Thursday, September 16, 2010

Encouraging and protecting whistle blowers

The importance of whistle-blowers

Many instances of corrupt practice and tax evasion occur with hundreds of people knowing about it. But the victims become hostages of the wrong-doer for many reasons and do not squeal. For instance, visualize a college or university charging under-the-table-fees of Rs 15 Lakhs (roughly US $ 30,000) for admitting students who cannot honestly compete with other applicants on merit. This is illegal on two grounds: it is illegal for educational institutions to demand and accept such payments; secondly, it generates wealth on which income tax has been evaded. It becomes the so-called black money. Thousands of students pay such “fees” every year. However, they are too scared to do anything about it before admission which they desire so strongly. After admission, they do not wish to expose their college or university and endanger their own education. Similarly, practically every company or organization which cheats on tax has a number of employees who know about it. But the employees are too scared to blow the whistle. They may even get killed for doing something like that. Under these circumstances, the rare whistle-blower has to be encouraged, protected and supported.

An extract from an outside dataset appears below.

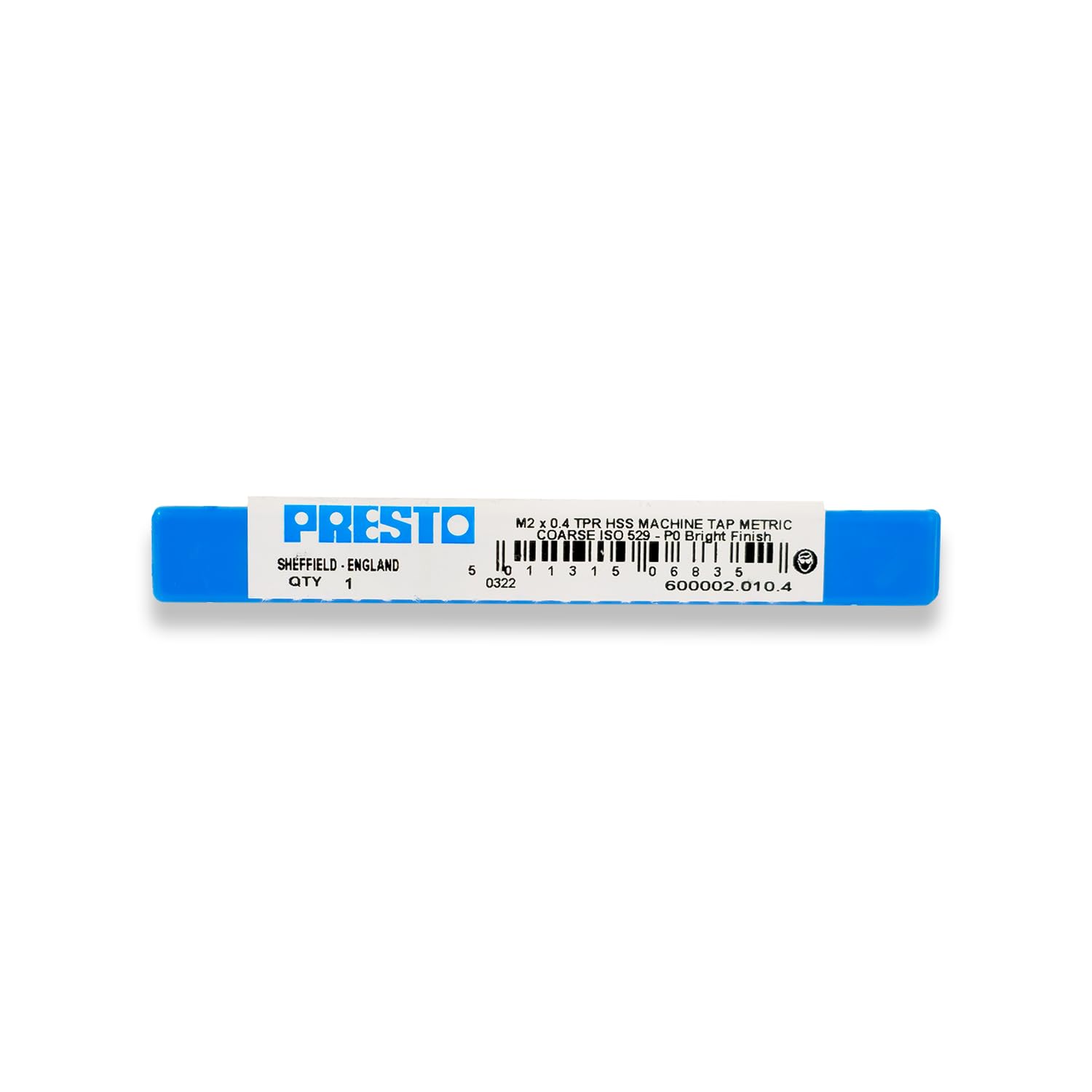 Presto 600002.010.4 M2x0.4 Metric Coarse Hand Tap - First/Taper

I assume that there are a few vigilance organizations (V. O.) that wish to encourage whistle blowers, and that they themselves are not corrupt! We need to create an Internet based mechanism meeting the following requirements, to enable such an organization to work efficiently.

Desired characteristics of the proposed mechanism

a) Gives the whistle blower privacy – no one should know who he is till he decides to reveal himself
b) Gives the vigilance organization some way of separating credible tip-offs from spurious reports
c) Provides for a mechanism to prove that a claimant is actually the one who had sent a particular set of anonymous messages earlier

The provision in c) is meant to enable a whistle-blower to claim a reward when his tip-off is acted upon and proves to be beneficial to society.

I invite comments and suggestions on this proposal. Some of the technical possibilities are discussed in another blog I write www.newstudentresearch.blogspot.com

Srinivasan Ramani September 15, 2010

2 comments:

Srinivasan Ramani said...

I have had a discussion with a few colleagues about this. During those discussions I realized that there is one low-tech way to achieve the goals discussed above, but it is not legal! So, don't use that option, but invent a legal one by improving it!

The requirement is for a an almost impossible to forge item of paper with a unique serial number on it. You tear this paper item cutting through the serial number. Keep one part with yourself and paste the other on the anonymous written communication you wish to send. Later, when you wish to claim credit for the whistle blowing, or to claim a reward you may be entitled to, just produce the other half of the paper item.
Unfortuantely, the paper item that meets the requirements is a currency note; and, it is illegal to tear up currency notes. So, look for it - there must be some other paper item meeting that requirement.

Ramani

Srinivasan Ramani said...

Yet another solution - a more practical one! Photocopy a part of a currency note on a blank sheet of paper and write your anonymous complaint on this sheet of paper. If you ever wish to claim credit for the complaint, produce the currency note. I believe that there is no illegality in this!
This solution works if the authorities who handle the complaint are trustworthy.